* _Task description_: State the number of lines in the material below that contain the word "design", without any other text.

* _Exercise materials_:
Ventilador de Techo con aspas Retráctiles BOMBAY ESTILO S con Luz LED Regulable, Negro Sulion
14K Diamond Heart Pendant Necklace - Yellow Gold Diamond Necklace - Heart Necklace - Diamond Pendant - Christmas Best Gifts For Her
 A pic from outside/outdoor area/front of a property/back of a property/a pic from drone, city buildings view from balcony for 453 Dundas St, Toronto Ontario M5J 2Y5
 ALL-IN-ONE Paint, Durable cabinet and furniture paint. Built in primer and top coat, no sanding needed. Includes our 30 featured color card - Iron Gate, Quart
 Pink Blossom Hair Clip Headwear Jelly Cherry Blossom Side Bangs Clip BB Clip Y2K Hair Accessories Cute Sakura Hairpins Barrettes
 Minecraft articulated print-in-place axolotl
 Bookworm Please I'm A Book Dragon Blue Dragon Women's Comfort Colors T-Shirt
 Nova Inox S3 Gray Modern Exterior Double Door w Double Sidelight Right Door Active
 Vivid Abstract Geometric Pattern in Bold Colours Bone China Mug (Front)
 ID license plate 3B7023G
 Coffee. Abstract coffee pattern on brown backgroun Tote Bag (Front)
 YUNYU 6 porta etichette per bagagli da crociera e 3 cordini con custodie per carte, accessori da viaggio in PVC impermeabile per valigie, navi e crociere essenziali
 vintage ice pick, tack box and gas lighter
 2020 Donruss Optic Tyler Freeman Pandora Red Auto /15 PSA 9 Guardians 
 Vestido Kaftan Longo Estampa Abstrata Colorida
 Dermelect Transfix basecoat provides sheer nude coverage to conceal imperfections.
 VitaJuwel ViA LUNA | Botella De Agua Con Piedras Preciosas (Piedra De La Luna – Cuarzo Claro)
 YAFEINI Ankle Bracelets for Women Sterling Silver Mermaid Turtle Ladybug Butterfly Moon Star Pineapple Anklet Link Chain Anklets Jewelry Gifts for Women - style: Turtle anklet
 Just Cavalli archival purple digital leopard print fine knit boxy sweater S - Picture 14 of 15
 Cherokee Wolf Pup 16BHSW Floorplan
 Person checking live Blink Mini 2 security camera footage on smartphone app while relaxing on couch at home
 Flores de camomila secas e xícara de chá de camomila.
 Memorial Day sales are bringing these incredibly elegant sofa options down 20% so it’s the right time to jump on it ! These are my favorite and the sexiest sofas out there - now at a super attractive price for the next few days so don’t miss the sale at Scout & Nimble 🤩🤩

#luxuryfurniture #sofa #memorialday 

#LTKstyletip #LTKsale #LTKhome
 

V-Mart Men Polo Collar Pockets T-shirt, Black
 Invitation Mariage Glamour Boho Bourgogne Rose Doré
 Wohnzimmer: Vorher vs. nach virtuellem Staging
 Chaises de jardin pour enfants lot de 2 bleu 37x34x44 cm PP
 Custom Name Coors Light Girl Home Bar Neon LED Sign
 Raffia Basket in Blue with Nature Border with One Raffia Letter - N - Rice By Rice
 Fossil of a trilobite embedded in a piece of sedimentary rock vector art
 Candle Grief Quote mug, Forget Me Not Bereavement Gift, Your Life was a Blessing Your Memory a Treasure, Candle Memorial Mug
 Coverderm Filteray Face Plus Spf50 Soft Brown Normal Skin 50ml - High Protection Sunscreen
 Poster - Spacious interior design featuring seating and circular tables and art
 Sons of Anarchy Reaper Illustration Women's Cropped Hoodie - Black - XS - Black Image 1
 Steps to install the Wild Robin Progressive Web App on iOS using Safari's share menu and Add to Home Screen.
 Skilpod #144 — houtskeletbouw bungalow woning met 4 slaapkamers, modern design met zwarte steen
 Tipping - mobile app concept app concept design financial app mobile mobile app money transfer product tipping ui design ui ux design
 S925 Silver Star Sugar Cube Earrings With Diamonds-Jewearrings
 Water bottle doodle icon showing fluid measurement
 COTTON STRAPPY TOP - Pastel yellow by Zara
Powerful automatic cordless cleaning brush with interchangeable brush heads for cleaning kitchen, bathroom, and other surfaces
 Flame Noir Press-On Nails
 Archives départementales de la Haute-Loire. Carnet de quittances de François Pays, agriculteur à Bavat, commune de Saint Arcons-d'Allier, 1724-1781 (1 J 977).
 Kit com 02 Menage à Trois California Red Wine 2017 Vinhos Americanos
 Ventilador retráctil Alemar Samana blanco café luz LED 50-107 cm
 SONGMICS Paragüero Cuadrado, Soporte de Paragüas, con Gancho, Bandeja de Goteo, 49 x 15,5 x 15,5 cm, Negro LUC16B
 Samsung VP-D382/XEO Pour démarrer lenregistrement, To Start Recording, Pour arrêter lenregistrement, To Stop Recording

* _Output for this task_: 3